**EXERCISE PROMPT**
A faithful copy of every entry, with the pictures removed, is what is needed here.
(GIVEN ENTRIES begins)
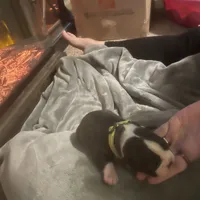 Donner, a male Boston Terrier for sale in Tulsa, OK – Photo 1 of 5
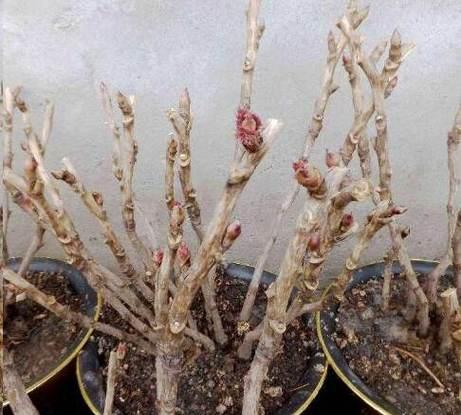渐变牡丹花侧枝的养护方法是什么？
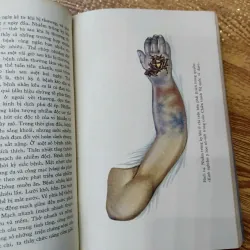 Ngoại khoa dã chiến 1009417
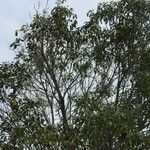 Handroanthus capitatus Habitus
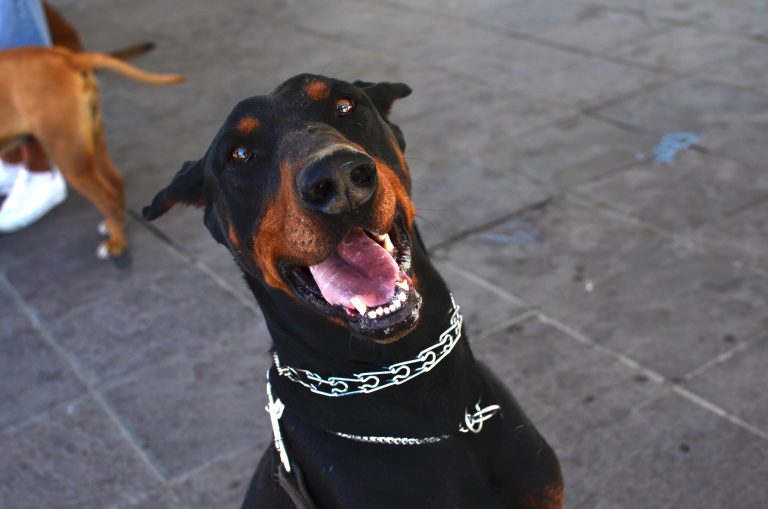 Campaña de Esterilización Canina y Felina gratuita en Cañada Honda, Aguascalientes
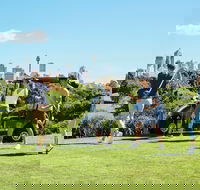 Moore Park Golf Course - Kawana Tourism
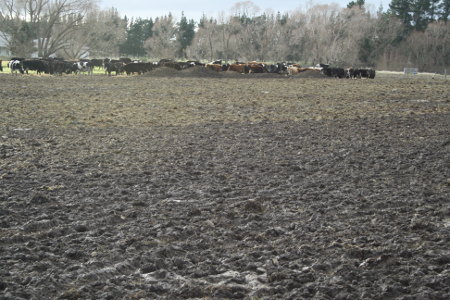 cows_small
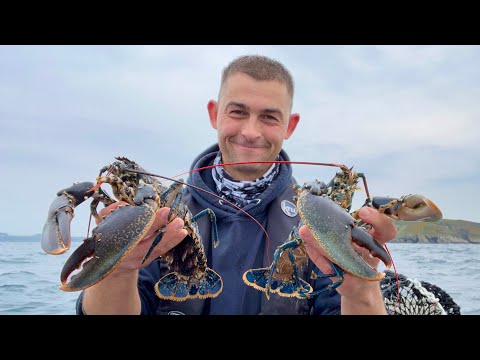 First Trip hand hauling the Fish Locker Lobster pots of 2022 - Awesome Catches | The Fish Locker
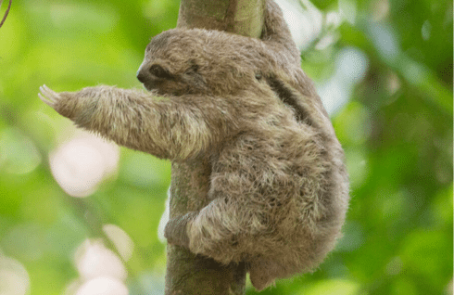 costa-rica-family-friendly-wildlife-volunteering-on-the-pacific-coast-main-1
(GIVEN ENTRIES ends)
**WRITTEN RESPONSE**
 Donner, a male Boston Terrier for sale in Tulsa, OK – Photo 1 of 5
渐变牡丹花侧枝的养护方法是什么？
 Ngoại khoa dã chiến 1009417
 Handroanthus capitatus Habitus
 Campaña de Esterilización Canina y Felina gratuita en Cañada Honda, Aguascalientes
 Moore Park Golf Course - Kawana Tourism
 cows_small
 First Trip hand hauling the Fish Locker Lobster pots of 2022 - Awesome Catches | The Fish Locker
 costa-rica-family-friendly-wildlife-volunteering-on-the-pacific-coast-main-1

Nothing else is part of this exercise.